* **Short web captions**
>>>
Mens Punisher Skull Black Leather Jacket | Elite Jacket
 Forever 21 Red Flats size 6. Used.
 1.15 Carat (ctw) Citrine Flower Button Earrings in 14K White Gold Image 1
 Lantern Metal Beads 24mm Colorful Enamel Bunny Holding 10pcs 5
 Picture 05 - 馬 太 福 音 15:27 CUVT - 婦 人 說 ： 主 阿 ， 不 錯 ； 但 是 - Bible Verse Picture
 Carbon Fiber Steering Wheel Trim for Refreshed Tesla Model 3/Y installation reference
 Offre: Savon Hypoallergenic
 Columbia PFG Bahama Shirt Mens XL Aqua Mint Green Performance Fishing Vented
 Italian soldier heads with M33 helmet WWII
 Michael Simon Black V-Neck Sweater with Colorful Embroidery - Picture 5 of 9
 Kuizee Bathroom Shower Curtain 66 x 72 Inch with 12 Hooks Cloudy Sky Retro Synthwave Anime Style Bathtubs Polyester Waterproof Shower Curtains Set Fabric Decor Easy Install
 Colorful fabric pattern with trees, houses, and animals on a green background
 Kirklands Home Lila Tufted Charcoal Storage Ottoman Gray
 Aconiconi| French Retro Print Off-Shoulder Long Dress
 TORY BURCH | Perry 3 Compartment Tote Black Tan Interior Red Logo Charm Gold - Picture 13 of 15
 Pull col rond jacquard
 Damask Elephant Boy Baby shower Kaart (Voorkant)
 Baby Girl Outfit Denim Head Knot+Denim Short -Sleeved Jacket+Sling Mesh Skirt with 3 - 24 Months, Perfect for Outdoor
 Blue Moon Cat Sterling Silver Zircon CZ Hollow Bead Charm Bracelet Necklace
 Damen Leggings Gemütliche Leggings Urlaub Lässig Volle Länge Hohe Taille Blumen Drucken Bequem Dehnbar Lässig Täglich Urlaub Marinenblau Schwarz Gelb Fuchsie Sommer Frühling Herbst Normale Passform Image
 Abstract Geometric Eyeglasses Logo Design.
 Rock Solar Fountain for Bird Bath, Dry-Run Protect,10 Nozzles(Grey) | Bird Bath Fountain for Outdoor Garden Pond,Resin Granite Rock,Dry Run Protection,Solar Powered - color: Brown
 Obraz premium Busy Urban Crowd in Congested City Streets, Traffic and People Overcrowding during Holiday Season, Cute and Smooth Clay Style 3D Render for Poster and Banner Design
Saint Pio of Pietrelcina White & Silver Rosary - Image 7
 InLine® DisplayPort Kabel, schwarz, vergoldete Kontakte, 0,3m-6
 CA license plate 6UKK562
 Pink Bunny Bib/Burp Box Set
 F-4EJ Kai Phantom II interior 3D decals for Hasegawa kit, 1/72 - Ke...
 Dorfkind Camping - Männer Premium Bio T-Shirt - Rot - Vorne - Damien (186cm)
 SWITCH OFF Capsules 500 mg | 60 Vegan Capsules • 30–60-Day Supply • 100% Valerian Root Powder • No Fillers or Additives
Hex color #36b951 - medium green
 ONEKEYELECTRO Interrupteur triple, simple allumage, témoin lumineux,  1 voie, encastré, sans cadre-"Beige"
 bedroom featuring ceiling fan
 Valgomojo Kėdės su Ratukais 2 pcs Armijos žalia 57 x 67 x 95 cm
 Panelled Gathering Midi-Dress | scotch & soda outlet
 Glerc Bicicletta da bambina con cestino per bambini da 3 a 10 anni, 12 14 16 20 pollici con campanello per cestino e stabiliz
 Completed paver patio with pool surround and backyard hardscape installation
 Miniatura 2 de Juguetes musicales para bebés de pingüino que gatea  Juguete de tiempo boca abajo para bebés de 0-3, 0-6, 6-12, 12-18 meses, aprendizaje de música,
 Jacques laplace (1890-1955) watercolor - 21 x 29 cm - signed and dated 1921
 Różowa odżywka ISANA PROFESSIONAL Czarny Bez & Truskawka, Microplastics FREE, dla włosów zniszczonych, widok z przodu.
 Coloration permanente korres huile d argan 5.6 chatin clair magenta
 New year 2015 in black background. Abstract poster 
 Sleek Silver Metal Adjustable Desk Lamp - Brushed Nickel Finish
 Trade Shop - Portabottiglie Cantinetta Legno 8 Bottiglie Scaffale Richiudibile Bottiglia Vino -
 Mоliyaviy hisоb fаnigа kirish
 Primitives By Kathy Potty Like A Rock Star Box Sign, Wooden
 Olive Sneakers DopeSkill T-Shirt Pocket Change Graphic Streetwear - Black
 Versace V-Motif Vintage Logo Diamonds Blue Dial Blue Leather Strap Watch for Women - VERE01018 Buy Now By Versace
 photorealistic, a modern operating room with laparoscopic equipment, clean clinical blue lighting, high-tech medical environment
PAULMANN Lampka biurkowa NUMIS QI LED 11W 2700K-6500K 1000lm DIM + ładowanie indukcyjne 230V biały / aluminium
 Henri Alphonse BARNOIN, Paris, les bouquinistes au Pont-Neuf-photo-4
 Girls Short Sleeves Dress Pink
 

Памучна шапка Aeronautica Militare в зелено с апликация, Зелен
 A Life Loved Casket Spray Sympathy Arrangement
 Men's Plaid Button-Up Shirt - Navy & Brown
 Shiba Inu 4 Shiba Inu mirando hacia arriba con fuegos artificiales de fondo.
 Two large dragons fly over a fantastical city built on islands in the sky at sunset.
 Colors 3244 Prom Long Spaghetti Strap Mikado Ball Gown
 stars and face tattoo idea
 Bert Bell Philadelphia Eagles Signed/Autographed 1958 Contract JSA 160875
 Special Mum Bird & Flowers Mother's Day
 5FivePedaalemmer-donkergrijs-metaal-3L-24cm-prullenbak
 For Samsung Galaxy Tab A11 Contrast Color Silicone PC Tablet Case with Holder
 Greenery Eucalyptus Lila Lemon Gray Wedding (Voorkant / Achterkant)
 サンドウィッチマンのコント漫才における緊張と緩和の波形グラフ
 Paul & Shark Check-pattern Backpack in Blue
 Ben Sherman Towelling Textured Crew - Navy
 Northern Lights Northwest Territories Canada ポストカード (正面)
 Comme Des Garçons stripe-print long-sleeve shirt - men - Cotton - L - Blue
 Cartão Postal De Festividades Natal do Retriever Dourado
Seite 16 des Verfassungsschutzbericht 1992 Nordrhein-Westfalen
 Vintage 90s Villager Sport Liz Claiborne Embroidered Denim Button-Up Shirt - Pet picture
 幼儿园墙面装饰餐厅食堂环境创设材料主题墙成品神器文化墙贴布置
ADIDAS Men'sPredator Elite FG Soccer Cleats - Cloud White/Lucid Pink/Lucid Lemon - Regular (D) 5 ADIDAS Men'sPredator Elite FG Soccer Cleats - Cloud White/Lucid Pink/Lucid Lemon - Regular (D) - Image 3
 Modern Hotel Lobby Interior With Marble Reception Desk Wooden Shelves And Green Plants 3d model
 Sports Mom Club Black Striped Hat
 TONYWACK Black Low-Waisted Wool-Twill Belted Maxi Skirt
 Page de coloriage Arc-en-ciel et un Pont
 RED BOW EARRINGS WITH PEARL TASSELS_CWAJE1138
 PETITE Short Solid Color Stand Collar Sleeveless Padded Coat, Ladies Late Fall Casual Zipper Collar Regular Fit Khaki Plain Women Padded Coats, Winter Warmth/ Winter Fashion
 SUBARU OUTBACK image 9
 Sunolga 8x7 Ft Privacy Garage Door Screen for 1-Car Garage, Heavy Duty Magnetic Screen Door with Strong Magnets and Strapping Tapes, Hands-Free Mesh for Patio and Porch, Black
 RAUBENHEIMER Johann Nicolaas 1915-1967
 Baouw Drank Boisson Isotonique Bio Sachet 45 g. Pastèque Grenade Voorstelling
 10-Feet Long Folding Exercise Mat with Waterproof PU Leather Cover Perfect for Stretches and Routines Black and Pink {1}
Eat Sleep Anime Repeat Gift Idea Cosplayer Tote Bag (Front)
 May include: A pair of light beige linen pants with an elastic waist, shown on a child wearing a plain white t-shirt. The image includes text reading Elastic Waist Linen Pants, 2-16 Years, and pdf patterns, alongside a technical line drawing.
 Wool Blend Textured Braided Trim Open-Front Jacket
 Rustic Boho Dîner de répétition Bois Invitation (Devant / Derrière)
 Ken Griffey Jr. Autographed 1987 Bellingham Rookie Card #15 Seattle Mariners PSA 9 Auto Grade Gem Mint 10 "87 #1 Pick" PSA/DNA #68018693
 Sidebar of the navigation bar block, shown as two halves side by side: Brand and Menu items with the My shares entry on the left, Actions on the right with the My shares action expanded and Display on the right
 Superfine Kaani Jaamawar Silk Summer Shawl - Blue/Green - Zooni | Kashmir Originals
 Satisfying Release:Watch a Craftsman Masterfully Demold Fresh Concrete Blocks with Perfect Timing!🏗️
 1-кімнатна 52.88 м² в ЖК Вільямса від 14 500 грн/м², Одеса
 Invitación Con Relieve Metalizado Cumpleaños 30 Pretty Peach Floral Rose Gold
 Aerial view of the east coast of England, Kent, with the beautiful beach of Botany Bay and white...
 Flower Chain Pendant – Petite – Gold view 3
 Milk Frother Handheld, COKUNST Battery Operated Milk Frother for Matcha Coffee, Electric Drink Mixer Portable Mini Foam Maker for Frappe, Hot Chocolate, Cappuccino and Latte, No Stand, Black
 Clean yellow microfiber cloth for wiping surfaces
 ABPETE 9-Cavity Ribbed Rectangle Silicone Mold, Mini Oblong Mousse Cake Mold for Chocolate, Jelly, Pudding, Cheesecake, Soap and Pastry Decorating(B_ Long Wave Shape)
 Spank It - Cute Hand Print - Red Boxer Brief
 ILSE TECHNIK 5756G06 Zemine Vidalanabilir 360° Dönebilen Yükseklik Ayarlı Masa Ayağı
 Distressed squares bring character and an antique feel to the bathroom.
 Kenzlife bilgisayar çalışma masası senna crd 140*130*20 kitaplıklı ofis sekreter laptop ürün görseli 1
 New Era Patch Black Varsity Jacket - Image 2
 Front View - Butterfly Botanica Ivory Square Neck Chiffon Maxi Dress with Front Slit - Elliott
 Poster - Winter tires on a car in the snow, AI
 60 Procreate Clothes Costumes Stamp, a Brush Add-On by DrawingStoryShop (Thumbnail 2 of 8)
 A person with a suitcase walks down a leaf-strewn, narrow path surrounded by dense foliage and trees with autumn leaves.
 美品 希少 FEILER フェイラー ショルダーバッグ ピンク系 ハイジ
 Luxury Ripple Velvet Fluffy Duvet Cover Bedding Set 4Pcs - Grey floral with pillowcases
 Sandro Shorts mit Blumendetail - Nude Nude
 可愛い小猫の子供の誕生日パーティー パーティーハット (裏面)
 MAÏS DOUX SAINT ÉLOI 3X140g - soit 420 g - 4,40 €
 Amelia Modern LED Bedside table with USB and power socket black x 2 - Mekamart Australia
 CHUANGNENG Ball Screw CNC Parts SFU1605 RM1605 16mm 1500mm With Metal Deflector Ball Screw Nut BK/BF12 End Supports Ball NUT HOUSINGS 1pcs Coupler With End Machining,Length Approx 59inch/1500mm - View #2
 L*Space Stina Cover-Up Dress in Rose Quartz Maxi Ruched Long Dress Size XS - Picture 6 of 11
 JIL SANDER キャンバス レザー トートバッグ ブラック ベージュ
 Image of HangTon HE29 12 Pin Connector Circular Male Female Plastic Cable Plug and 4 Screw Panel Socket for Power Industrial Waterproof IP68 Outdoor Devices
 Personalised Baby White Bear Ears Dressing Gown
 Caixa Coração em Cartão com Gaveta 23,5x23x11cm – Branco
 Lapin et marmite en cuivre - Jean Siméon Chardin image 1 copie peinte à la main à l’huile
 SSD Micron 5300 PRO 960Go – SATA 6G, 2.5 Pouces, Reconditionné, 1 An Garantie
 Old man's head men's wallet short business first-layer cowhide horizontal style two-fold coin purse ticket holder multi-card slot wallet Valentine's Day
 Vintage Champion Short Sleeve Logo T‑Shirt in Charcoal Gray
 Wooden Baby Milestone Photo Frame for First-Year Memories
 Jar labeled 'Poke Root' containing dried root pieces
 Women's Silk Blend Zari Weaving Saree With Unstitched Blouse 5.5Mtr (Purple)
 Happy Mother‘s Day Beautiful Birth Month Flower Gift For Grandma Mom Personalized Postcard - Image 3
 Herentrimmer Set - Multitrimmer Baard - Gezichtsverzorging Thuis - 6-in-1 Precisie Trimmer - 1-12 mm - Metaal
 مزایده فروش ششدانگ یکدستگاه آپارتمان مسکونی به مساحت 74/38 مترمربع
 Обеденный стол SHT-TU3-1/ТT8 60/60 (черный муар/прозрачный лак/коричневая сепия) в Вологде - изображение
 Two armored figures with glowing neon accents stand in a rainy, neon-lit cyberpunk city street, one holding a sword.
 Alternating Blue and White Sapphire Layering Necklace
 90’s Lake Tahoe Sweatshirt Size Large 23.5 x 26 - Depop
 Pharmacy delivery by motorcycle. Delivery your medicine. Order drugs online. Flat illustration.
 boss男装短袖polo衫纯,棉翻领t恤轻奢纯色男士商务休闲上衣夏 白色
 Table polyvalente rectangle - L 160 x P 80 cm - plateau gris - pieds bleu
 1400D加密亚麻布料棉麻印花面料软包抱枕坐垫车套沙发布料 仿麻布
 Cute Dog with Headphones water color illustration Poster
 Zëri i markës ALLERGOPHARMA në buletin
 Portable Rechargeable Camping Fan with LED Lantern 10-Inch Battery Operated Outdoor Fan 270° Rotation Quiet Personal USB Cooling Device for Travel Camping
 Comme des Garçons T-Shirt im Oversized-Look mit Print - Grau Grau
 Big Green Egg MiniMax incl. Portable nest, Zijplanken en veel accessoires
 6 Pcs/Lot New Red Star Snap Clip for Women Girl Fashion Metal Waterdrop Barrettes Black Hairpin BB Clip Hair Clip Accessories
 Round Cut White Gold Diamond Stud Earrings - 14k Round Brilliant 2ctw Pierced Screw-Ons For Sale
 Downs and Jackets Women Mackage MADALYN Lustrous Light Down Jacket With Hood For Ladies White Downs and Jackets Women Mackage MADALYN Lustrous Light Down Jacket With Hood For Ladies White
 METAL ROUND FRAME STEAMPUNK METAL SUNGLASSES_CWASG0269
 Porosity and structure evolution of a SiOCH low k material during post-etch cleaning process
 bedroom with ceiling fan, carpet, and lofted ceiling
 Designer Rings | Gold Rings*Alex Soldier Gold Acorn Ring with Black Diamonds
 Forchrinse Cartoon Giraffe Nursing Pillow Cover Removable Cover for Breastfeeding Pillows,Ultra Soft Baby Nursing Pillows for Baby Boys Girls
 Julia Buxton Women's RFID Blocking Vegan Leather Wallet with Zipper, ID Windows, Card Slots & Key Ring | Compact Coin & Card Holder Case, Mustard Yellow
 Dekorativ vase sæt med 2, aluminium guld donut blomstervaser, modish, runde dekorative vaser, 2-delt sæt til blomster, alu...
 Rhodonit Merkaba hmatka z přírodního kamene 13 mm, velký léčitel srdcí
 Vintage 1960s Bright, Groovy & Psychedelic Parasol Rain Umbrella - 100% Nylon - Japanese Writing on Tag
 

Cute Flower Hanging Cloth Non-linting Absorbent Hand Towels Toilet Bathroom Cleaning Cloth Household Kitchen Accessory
<<<
Your answer must be the line containing "Designer Rings |" through the last line above, copied exactly, with nothing added.

* **SOLVED PROBLEM**
 Designer Rings | Gold Rings*Alex Soldier Gold Acorn Ring with Black Diamonds
 Forchrinse Cartoon Giraffe Nursing Pillow Cover Removable Cover for Breastfeeding Pillows,Ultra Soft Baby Nursing Pillows for Baby Boys Girls
 Julia Buxton Women's RFID Blocking Vegan Leather Wallet with Zipper, ID Windows, Card Slots & Key Ring | Compact Coin & Card Holder Case, Mustard Yellow
 Dekorativ vase sæt med 2, aluminium guld donut blomstervaser, modish, runde dekorative vaser, 2-delt sæt til blomster, alu...
 Rhodonit Merkaba hmatka z přírodního kamene 13 mm, velký léčitel srdcí
 Vintage 1960s Bright, Groovy & Psychedelic Parasol Rain Umbrella - 100% Nylon - Japanese Writing on Tag
 

Cute Flower Hanging Cloth Non-linting Absorbent Hand Towels Toilet Bathroom Cleaning Cloth Household Kitchen Accessory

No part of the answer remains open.